• _EXERCISE PROMPT_: From top to bottom, retype the data exactly, passing over any picture.

• _Short descriptive text snippets_:

--- --- ---

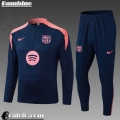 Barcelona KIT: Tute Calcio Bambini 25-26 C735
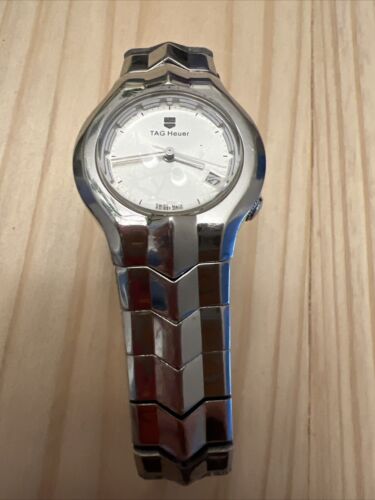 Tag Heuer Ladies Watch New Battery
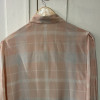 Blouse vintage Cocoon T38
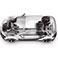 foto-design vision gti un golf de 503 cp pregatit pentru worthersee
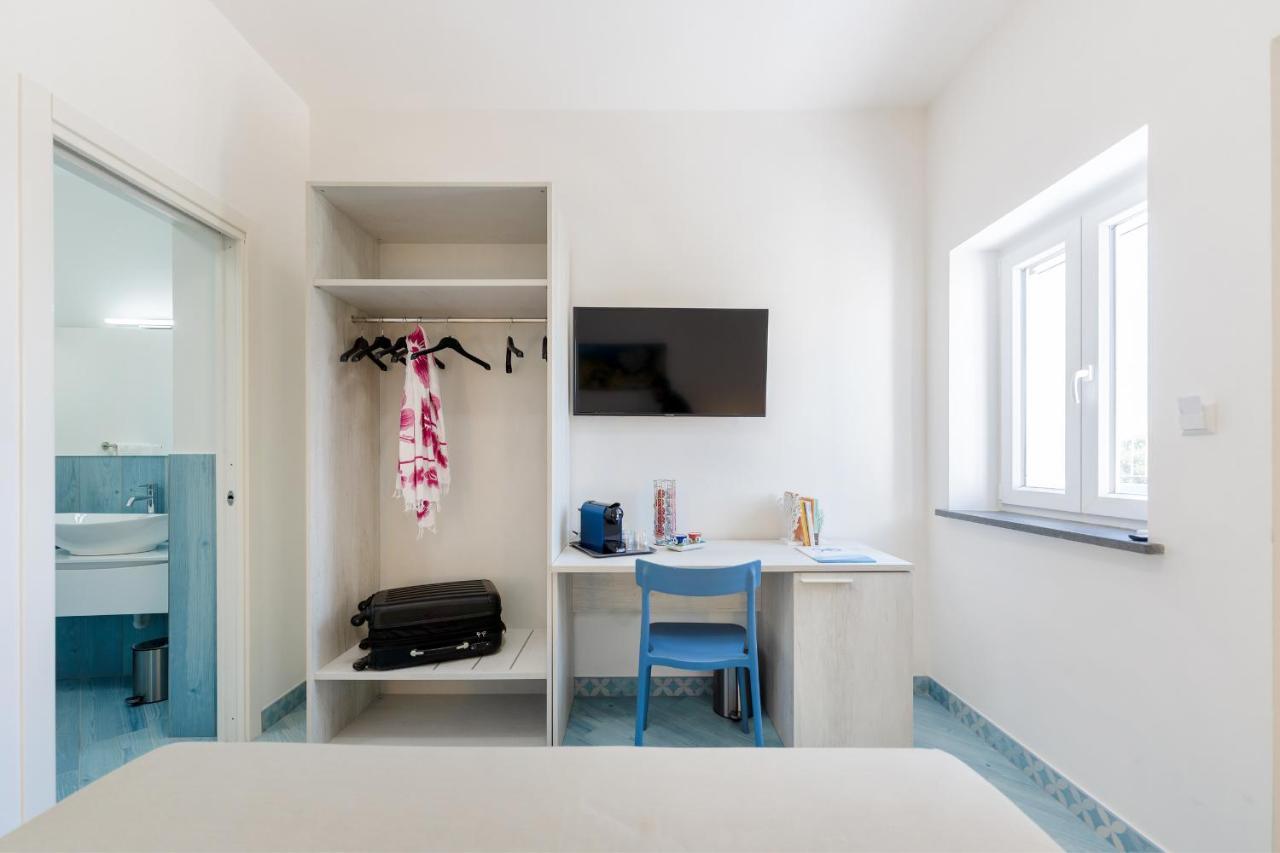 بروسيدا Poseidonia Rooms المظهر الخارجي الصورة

--- --- ---

• _TASK SOLUTION_:
 Barcelona KIT: Tute Calcio Bambini 25-26 C735
 Tag Heuer Ladies Watch New Battery
 Blouse vintage Cocoon T38
 foto-design vision gti un golf de 503 cp pregatit pentru worthersee
 بروسيدا Poseidonia Rooms المظهر الخارجي الصورة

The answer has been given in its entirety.